Within this disclosure, different entities (which may variously be referred to as “units,” “circuits,” other components, etc.) may be described or claimed as “configured” to perform one or more tasks or operations. This formulation-[entity] configured to [perform one or more tasks]—is used herein to refer to structure (i.e., something physical). More specifically, this formulation is used to indicate that this structure is arranged to perform the one or more tasks during operation. A structure can be said to be “configured to” perform some task even if the structure is not currently being operated. Thus, an entity described or recited as being “configured to” perform some task refers to something physical, such as a device, circuit, a system having a processor unit and a memory storing program instructions executable to implement the task, etc. This phrase is not used herein to refer to something intangible.
In some cases, various units/circuits/components may be described herein as performing a set of task or operations. It is understood that those entities are “configured to” perform those tasks/operations, even if not specifically noted.
The term “configured to” is not intended to mean “configurable to.” An unprogrammed FPGA, for example, would not be considered to be “configured to” perform a particular function. This unprogrammed FPGA may be “configurable to” perform that function, however. After appropriate programming, the FPGA may then be said to be “configured to” perform the particular function.

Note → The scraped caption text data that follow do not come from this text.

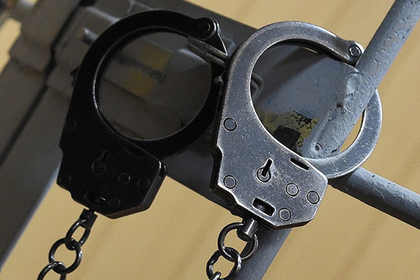 Участкового задержали за производство наркотиков на съемной квартире в Кемерово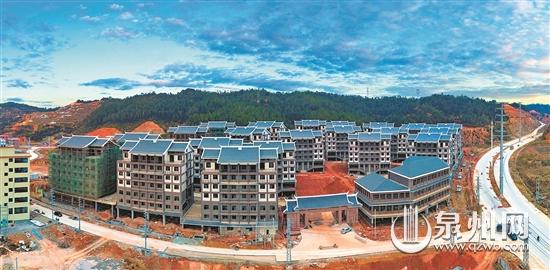 新秀园70多家瓷研所入驻 汇聚青年陶瓷人才 - 憨鼠网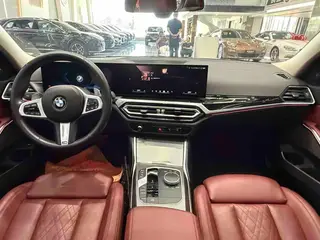BMW 3 Series 2023 325Li M Traje nocturno deportivo Yao interior foto 8 BMW 3 Series 2023 325Li M Traje nocturno deportivo Yao interior foto 8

For purposes of United States patent applications based on this disclosure, reciting in a claim that a structure is “configured to” perform one or more tasks is expressly intended not to invoke 35 U.S.C. § 112 (f) for that claim element. Should Applicant wish to invoke Section 112 (f) during prosecution of a United States patent application based on this disclosure, it will recite claim elements using the “means for” [performing a function] construct.
Number | Date | Country | Kind |
---|---|---|---|
PCT/CN2023/095750 | May 2023 | WO | international |
The present application claims priority to PCT Appl. No. PCT/CN2023/095750, entitled “GENERATING RULES FOR PREDICTING CHARACTERISTICS OF COMPUTER OPERATIONS”, filed May 23, 2023, which is incorporated by reference herein in its entirety.